Researchers at Lausanne Polytechnic University (EPFL) have experimented with sensory illusions to determine whether amputees’ nervous systems can be “tricked” into accepting the prosthetic limb. The technique relies on the axiom that “seeing is believing”.
This can itself be a reason that amputees opt out of prolonged use of prosthetics, especially of artificial hands: essentially, their own perception of the missing limb – or the sensation of it – does not match up with what they can see of the prosthesis. Part of the problem is that the phantom limb often perceived by amputees is much smaller than the actual lost limb; and as the prosthetic does not provide sensory feedback, the user can only tell it is being used correctly by watching it.
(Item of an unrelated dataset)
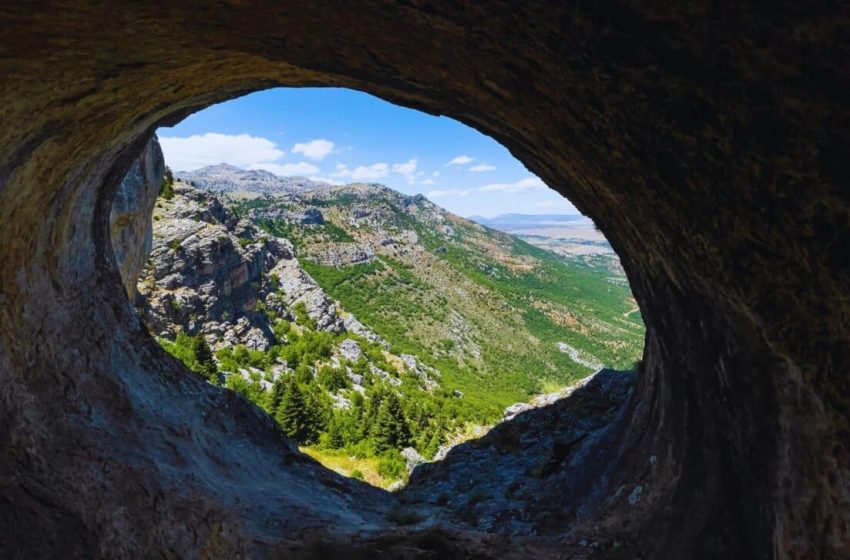  Archaeologists Thought These Remote Caves Were Empty, But They Found That Humans Lived Once Inside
The mismatch between vision and sensation can be an overwhelming stumbling block.
The EPFL research, published in the Journal of Neurology, Neurosurgery and Psychiatry, combines physical stimulation with virtual reality. The team, from EPFL’s laboratory of cognitive neuroprosthetics in collaboration with Scuola Superiore Sant’Anna in Italy, produced an artificial tactile sensation at the tip of the index finger of the phantom limb by stimulating nerves in the remaining stump of an amputee patient, while simultaneously showing the index finger of the prosthetic limb glowing on a display in virtual reality goggles.
The experiment was only carried out on two patients, however, both of them reported feeling as though the index finger sensation was occurring in a prosthetic hand that belonged to their body. Moreover, they felt as though their phantom limb had extended into the prosthetic limb. This feeling persisted for 10 minutes after the experiment.
“The brain regularly uses its senses to evaluate what belongs to the body and what is external to the body. We showed exactly how vision and touch can be combined to trick the amputee’s brain into feeling what it sees, inducing embodiment of the prosthetic hand with an additional effect that the phantom limb grows into the prosthetic one,” explains Giulio Rognini of the Laboratory of Cognitive Neuroprosthetics. “The setup is portable and could one day be turned into a therapy to help patients embody their prosthetic limb permanently.”